Every line of the data that contains the string "with" must be copied.

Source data
- - - -
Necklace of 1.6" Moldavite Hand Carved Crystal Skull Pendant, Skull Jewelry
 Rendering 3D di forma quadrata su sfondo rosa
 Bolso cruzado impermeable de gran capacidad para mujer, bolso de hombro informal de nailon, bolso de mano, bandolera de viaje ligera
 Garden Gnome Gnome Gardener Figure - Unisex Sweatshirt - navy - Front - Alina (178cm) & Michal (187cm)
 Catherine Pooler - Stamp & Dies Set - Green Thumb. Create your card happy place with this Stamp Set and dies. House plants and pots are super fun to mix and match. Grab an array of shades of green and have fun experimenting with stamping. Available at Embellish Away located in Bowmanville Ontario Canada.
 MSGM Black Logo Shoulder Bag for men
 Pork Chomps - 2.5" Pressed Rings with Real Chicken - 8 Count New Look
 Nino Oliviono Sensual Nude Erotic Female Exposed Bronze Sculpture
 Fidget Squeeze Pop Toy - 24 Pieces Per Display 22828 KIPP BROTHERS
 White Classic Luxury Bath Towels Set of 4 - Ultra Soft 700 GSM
- - - -
Your solution
 Catherine Pooler - Stamp & Dies Set - Green Thumb. Create your card happy place with this Stamp Set and dies. House plants and pots are super fun to mix and match. Grab an array of shades of green and have fun experimenting with stamping. Available at Embellish Away located in Bowmanville Ontario Canada.
 Pork Chomps - 2.5" Pressed Rings with Real Chicken - 8 Count New Look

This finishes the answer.